● **DIRECTIONS**
Please give back, exactly as written, the lines from the line with "Supply Hood Thumbnail" to the line with "100W LED Flood Light (BS-2105)" in the listing below, leaving out all pictures.

EXCERPTED DATA Block Start

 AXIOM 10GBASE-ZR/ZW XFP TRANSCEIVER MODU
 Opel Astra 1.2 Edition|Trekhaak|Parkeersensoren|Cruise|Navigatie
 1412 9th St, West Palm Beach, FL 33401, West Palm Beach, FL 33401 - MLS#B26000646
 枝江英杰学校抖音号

EXCERPTED DATA Block End
EXCERPTED DATA Block Start

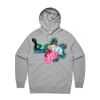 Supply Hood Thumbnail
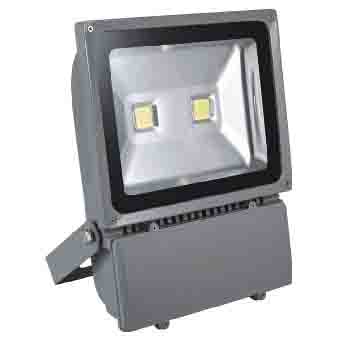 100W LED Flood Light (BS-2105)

EXCERPTED DATA Block End

● **TASK OUTPUT**
 Supply Hood Thumbnail
 100W LED Flood Light (BS-2105)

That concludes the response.